» Task brief: For this exercise, transcribe every line of the material exactly and skip the pictures.

» Recorded information:
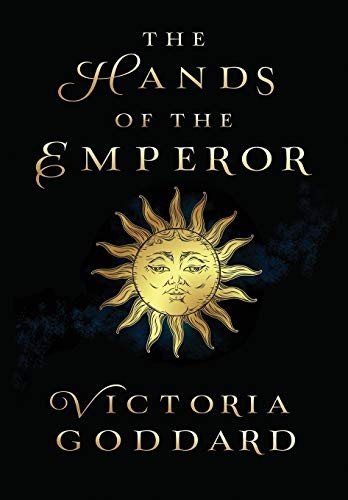 Cover of The Hands of the Emperor by Victoria Goddard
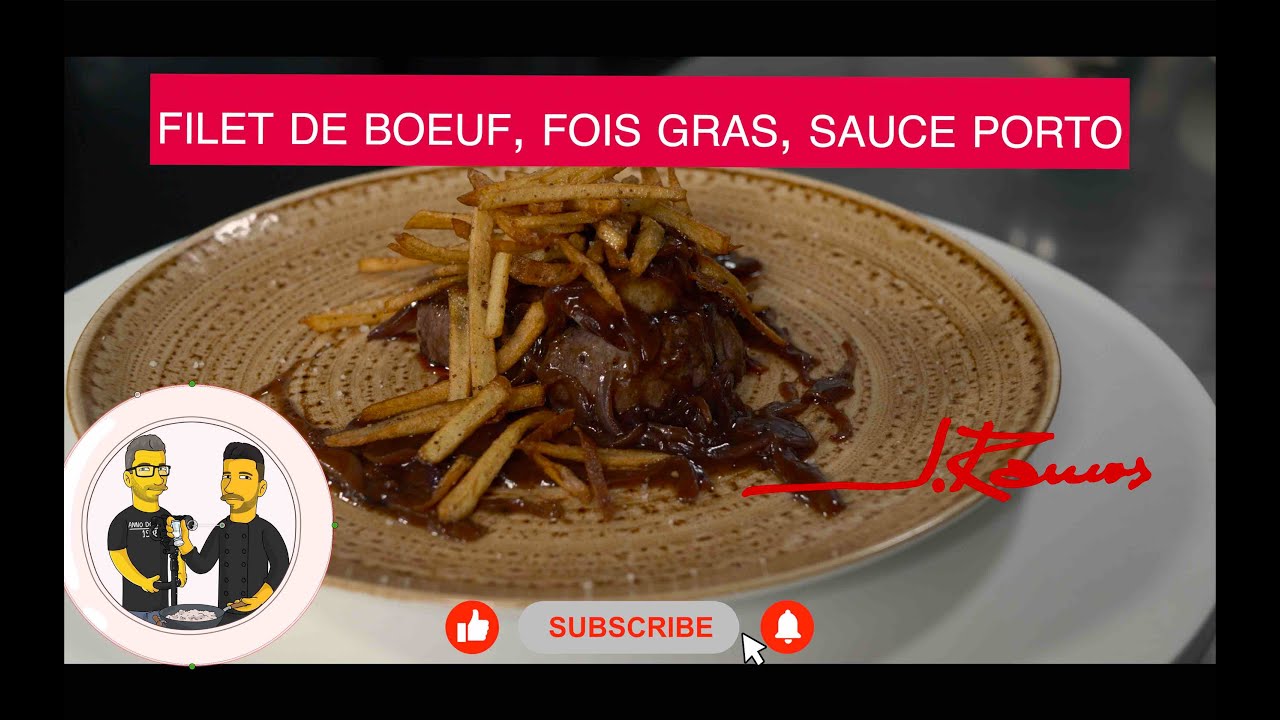 Filet de boeuf, fois gras, sauce porto - YouTube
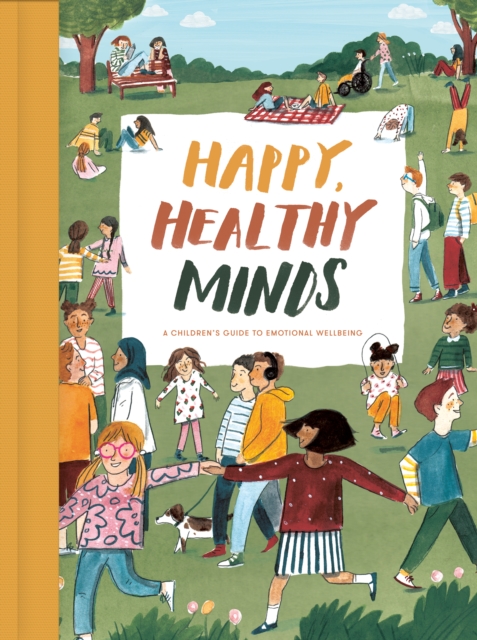 Happy, Healthy Minds : A children's guide to emotional wellbeing, EPUB eBook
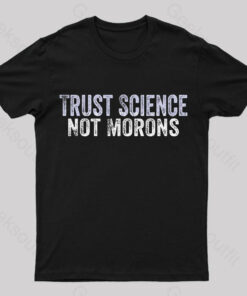 Trust Science Not Moron Nerd T-Shirt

» Solution:
 Cover of The Hands of the Emperor by Victoria Goddard
 Filet de boeuf, fois gras, sauce porto - YouTube
 Happy, Healthy Minds : A children's guide to emotional wellbeing, EPUB eBook
 Trust Science Not Moron Nerd T-Shirt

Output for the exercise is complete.